= Croton Springs =

Springs in Cochise County, Arizona

Croton Springs, formerly Nugent's Springs, are springs, in the Sulphur Springs Valley. It lies at an elevation of 4147 feet, located on the northwest edge of the Willcox Playa in Cochise County, Arizona.

==History==
Croton Springs were historical watering places on several wagon roads through the Sulphur Springs Valley. It was a watering place from 1849 on the Tucson Cutoff between Cooke's Wagon Road in the Animas Valley and the waterhole on that road near Mescal, Arizona. That cutoff passed through Stein's Pass, Apache Pass, to Croton Springs across the Sulphur Springs Valley and Willcox Playa to the springs. From there it passed through Nugent’s Pass to the Lower Crossing of the San Pedro River below Tres Alamos and on the waterhole on Cooke's Wagon Road that had turned west to Tucson. Following the 1855 Railroad Survey expedition the spring was for a time called Nugent's Springs after John Nugent who gave his notes of the first journey across the Tucson Cutoff to aid the expedition.
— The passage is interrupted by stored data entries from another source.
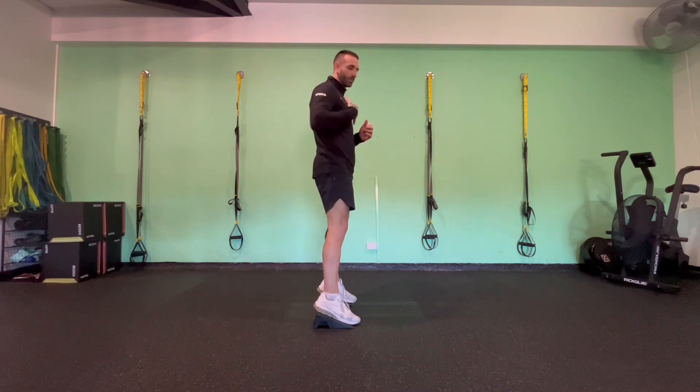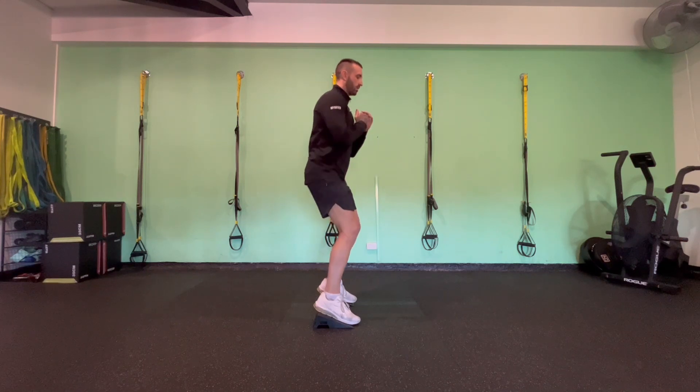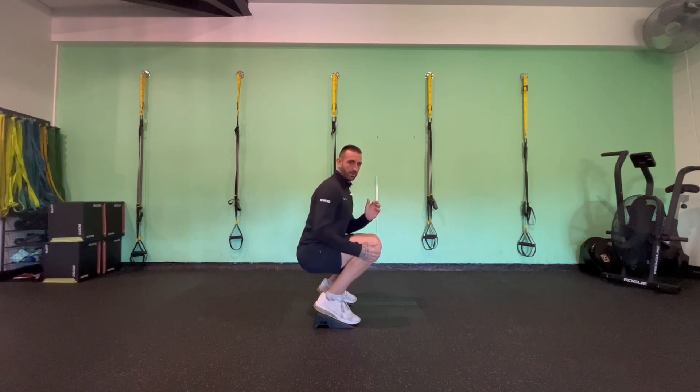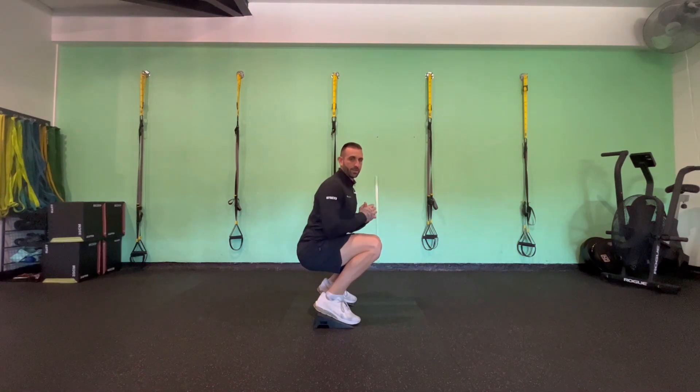What we want to do is stand up on the wedges, you can maintain a neutral spine — a straight spine position — then lower into the squat, keeping the knee over the toes. What we're really looking to do is get the bottom of the hamstring as close to the top of the calf muscle as possible.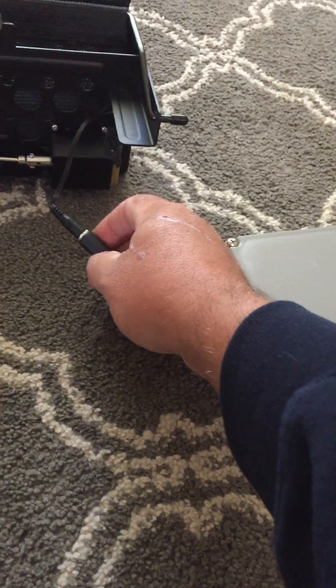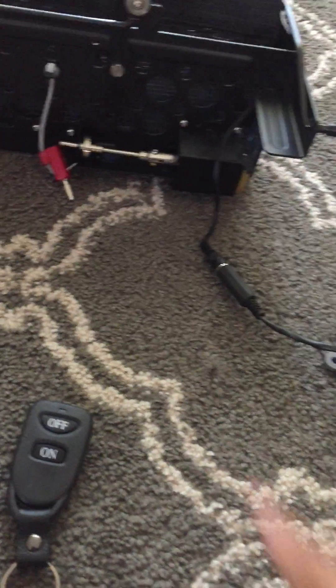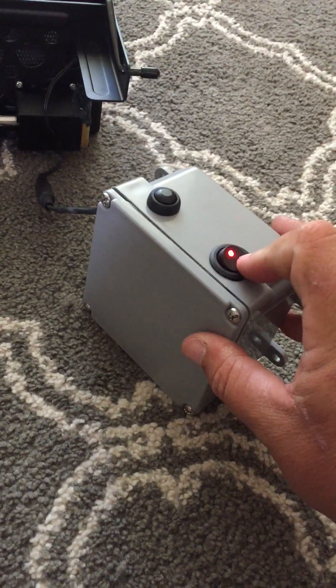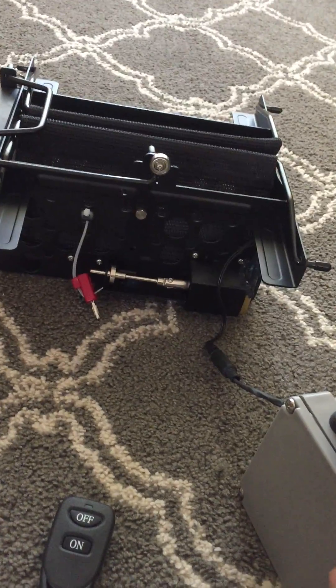It's connected by this basically 3.5 millimeter audio jack, and this is the solenoid that comes with the launcher. Right now I have it loaded, so what I'm gonna do is turn it on and then just push the momentary button, which will test functionality.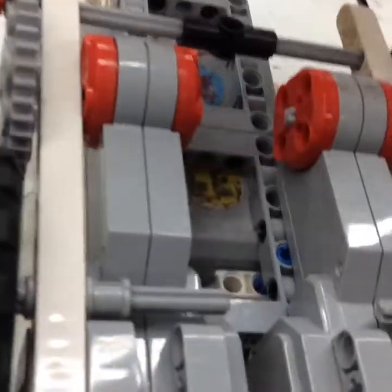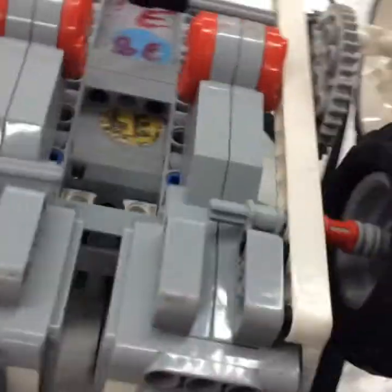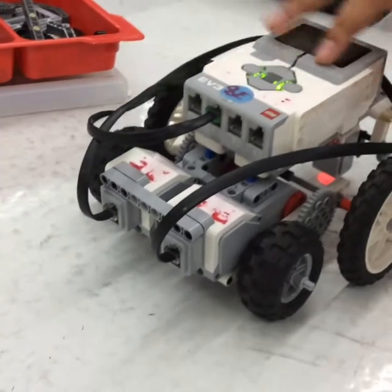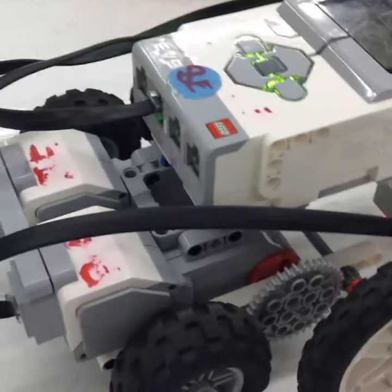These gears were probably the best choice to make it go at the speed it is. And then the last one — we changed the direction of our robot. First, our robot went this way and it wasn't too fast, so we tried going this way and it was way faster.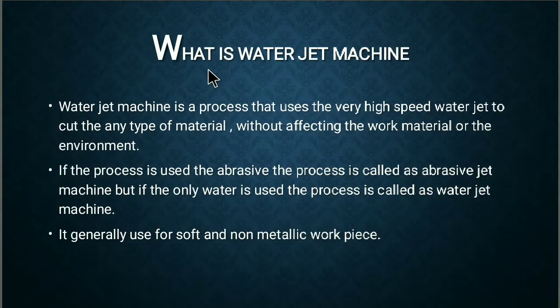Water jet machining is a process that uses a very high speed water jet to cut the material or work piece without affecting the work material or the surrounding environment. Generally, if the process uses an abrasive it is called abrasive jet machining, but if water is used, the process is called water jet machining. It is generally used for cutting soft material or non-metallic work pieces.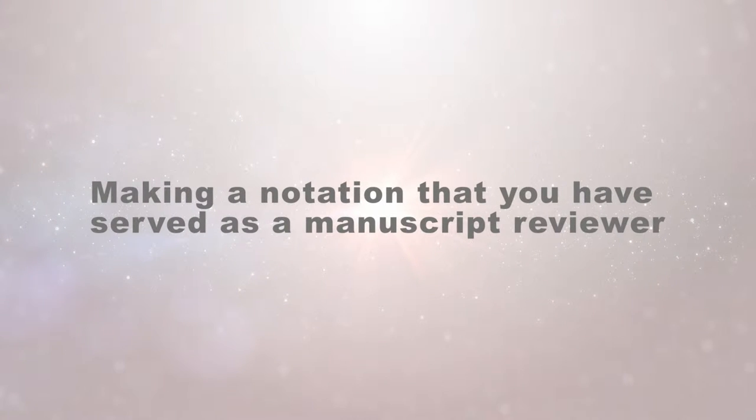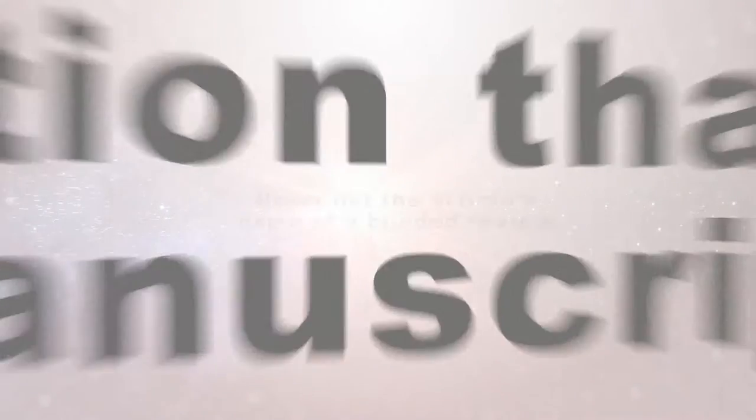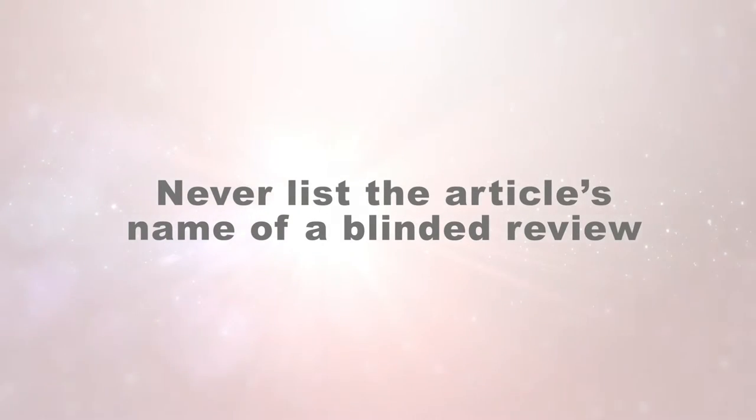Finally, let's talk about how on your resume or curriculum vitae you would make a notation that you serve as a manuscript reviewer. First of all, for a blinded review process, you would never list the name of the article that you reviewed on your CV or resume. Remember, it's a blinded process — the author is never to know who you were. So even once the paper is published, you as the reviewer remain blinded. Do not list the titles of the papers you have reviewed.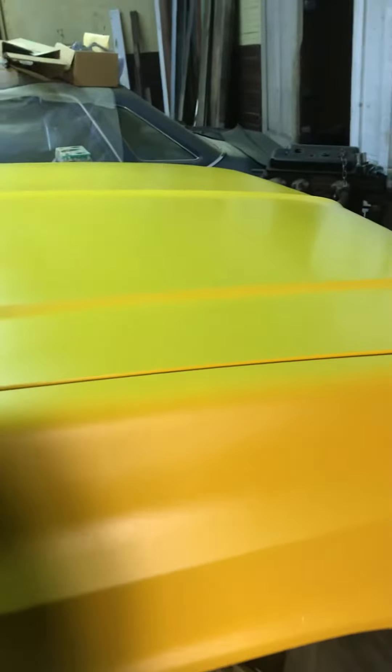That was all completely bare — no paint or primer that was originally there. I didn't do any Bondo because I figured, you know what, if I sell this one day, at least I can say there's no Bondo. Lots of rust everywhere, but no Bondo. I think having just Bondo is worse than holes, so I went with that.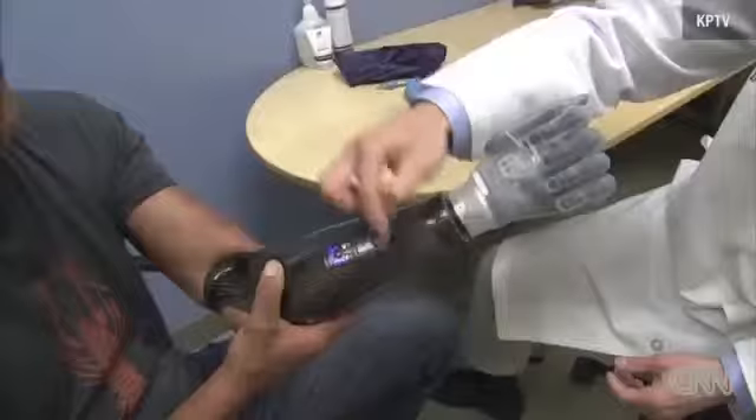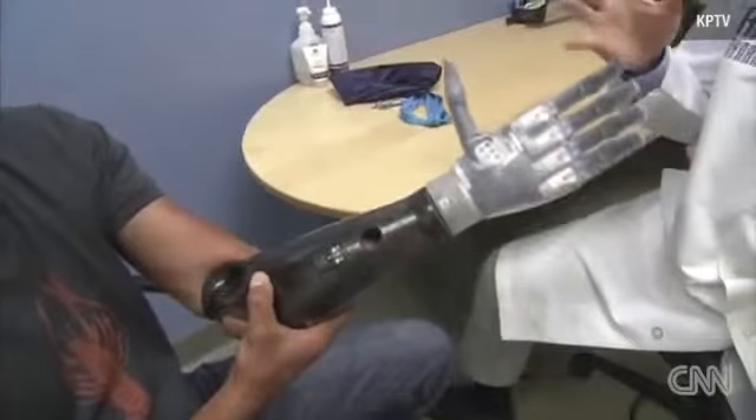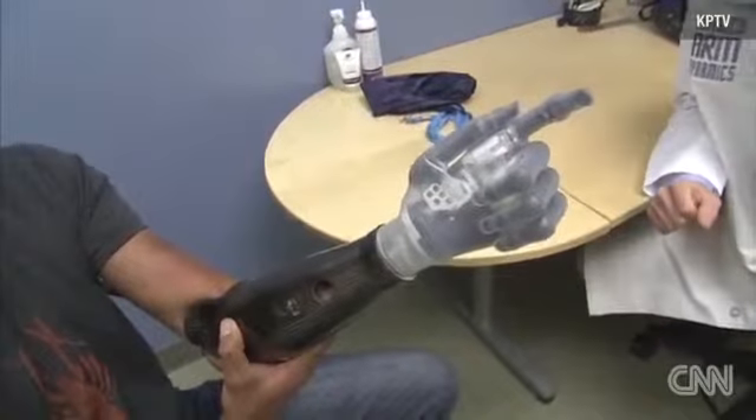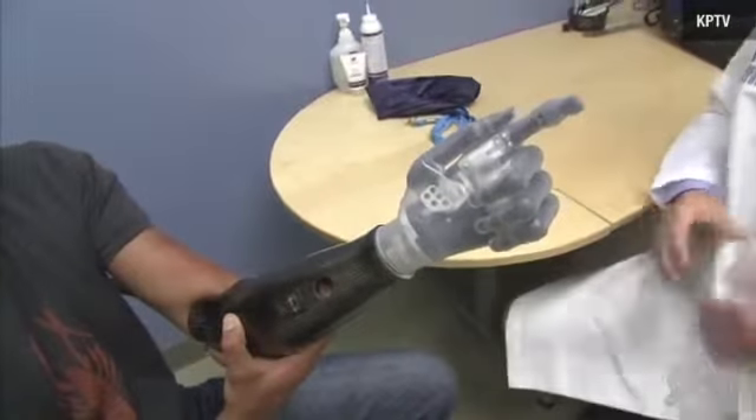The outside muscles — the extensors — are going to be your open. The inside muscles — the flexors — are going to be your closing. That was me telling it to do that, huh?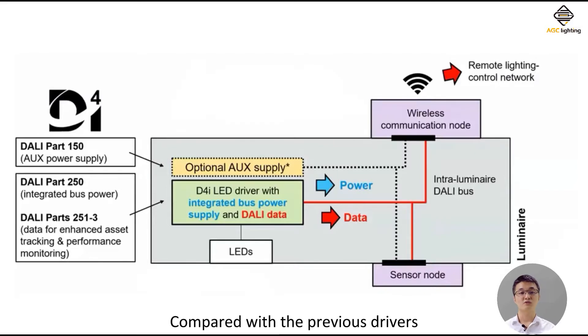Compared with previous drivers, D4i is equipped with an extra DC 16 or 24 voltage aux power supply, and an integrated bus power supply that realizes extension to DALI 2.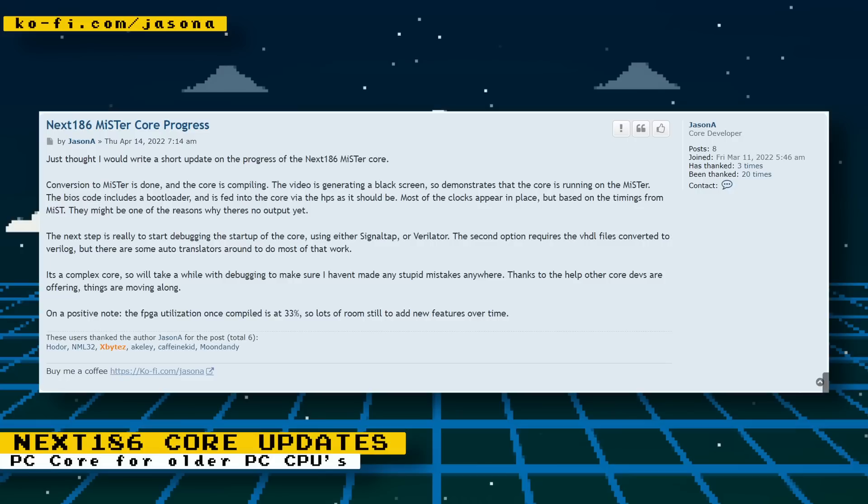There has been more progress on the Next186 core. The conversion for the MiSTer project is done and the core is currently compiling. There's no video output yet, but the core is running. The next step is to debug the startup. Things are also looking good for adding more features, as FPGA utilization is currently at only 33%. The Next186 is an FPGA core for older PC hardware based on 8086, 186, and 286 PCs, with some 386 software potentially running too. Consider supporting developer Jason A on his Ko-fi page.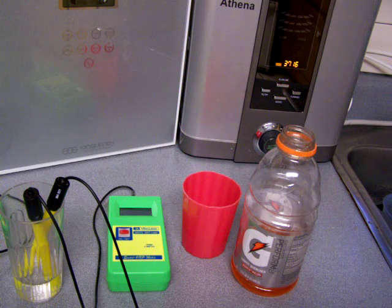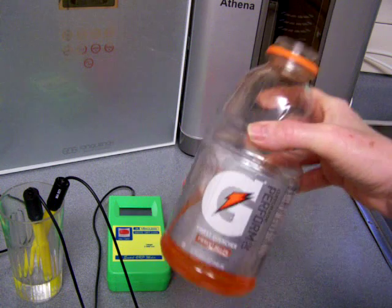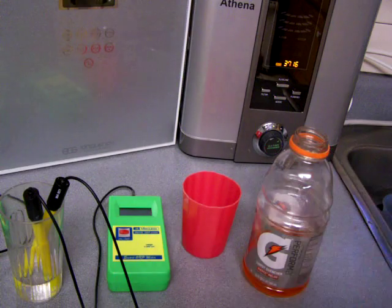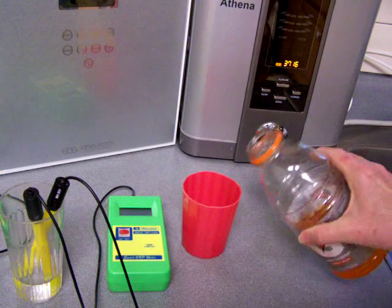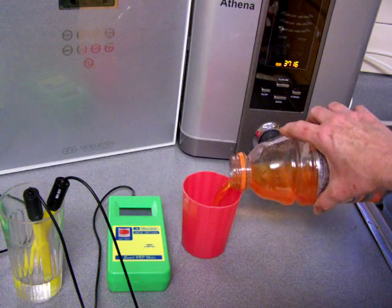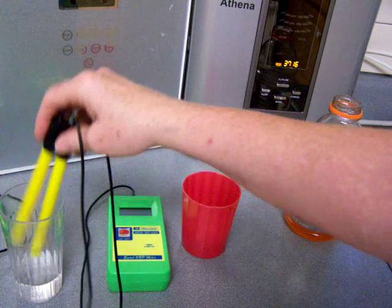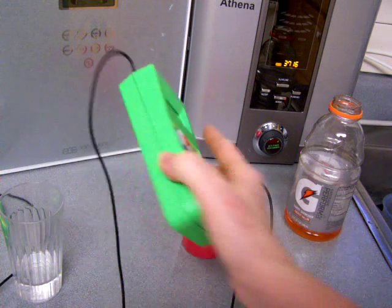Out of curiosity, I'm going to test Gatorade — the orange-flavored one — for both acidity and ORP, just to see what it is. I've done lots of tests for ionized water, and this will just let us know. I'm going to put both probes in and then we'll just take a look.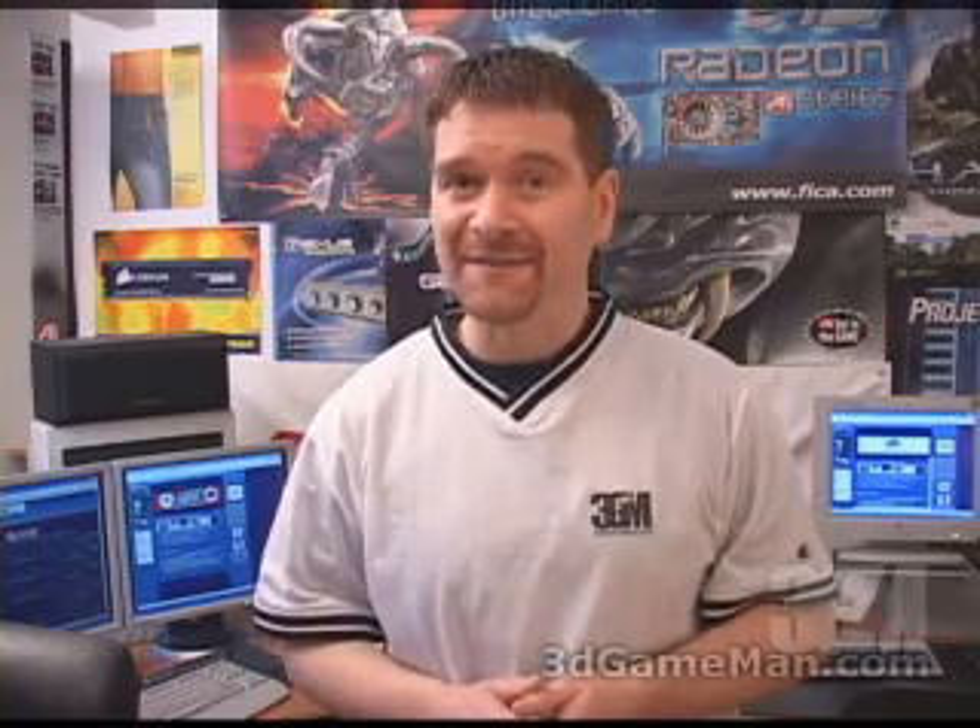Hello again, my name is Rodney Reynolds and welcome to another video review. Today I'm looking at the Thermaltake Pure Power Total Watts Viewer 500W Modular Power Supply.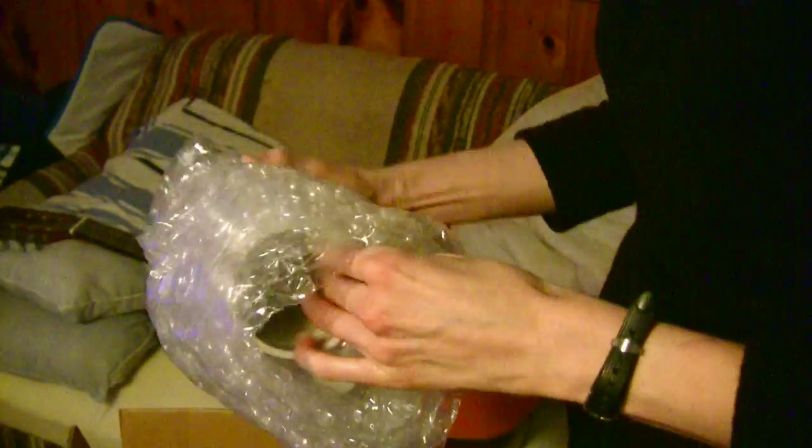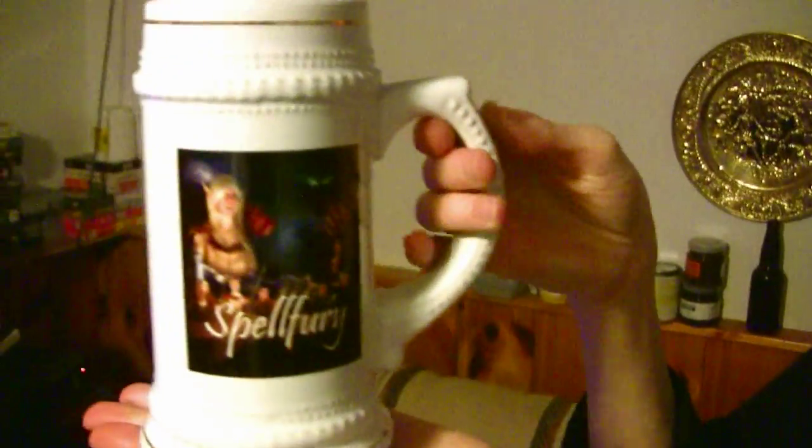So the Spellfury beer stein — Julie will open this up for us. It's wrapped in bubble wrap so it doesn't get hurt. Oh, cool. That is so cool.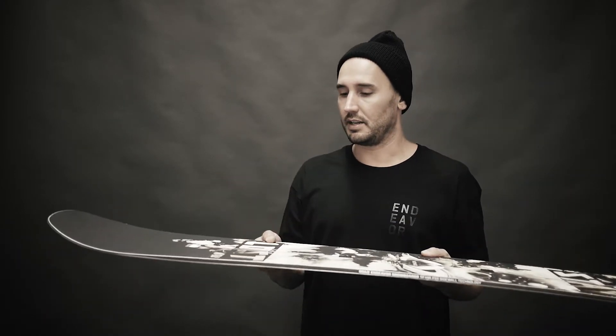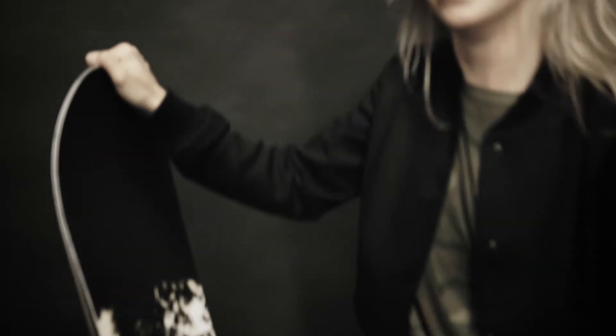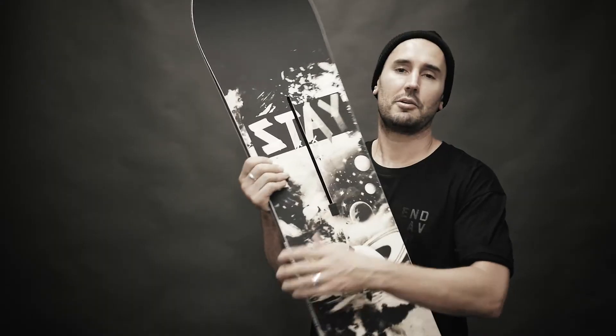The Nomad is for the rider or female that wants to just get rad in the park, do hit runs. It has a multi-camber profile — basically you have camber in between the bindings and then toe early rise — so it's nice and agile and flexible on your landings when learning new tricks. That's the Nomad.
By 1878 Croton Springs was 82 miles southeast of Fort Grant, 16 miles northeast of the Tucson-Fort Bowie-Dragoon Springs road crossing, (Fort Bowie was 37 miles east of this crossing, Tucson 65 miles west, Dragoon Springs 3 miles west southwest) and 71 miles southwest from Camp Goodwin.

Pumping water from the ground in the valley for irrigation has subsequently lowered the water-table in the valley, to the point where the springs no longer flow.